((

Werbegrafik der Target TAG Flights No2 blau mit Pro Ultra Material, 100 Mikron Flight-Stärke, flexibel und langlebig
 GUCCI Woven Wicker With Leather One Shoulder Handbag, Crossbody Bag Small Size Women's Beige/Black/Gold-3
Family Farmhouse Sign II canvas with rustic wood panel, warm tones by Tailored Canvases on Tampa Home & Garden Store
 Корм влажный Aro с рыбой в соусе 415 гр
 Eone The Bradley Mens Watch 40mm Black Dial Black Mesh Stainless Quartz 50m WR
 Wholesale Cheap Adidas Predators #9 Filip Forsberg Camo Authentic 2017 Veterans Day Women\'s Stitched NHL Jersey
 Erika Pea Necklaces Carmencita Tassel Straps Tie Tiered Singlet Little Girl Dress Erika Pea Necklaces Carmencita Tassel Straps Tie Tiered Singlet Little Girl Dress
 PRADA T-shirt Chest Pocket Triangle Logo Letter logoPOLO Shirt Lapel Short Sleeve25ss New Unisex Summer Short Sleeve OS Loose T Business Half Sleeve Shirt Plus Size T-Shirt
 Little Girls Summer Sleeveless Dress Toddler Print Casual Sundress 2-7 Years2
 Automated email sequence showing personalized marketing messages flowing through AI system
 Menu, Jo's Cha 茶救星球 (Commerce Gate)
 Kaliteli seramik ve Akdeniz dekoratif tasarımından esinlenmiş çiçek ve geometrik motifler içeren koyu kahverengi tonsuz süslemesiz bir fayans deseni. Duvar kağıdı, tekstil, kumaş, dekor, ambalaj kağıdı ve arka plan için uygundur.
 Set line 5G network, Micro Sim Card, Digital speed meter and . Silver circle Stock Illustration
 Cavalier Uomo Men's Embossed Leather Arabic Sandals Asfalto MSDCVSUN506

))

◆ **TASK BRIEF**:
Looking at the records, how many lines include "Dress"? Respond with the number only.

◆ **WORKED SOLUTION**:
2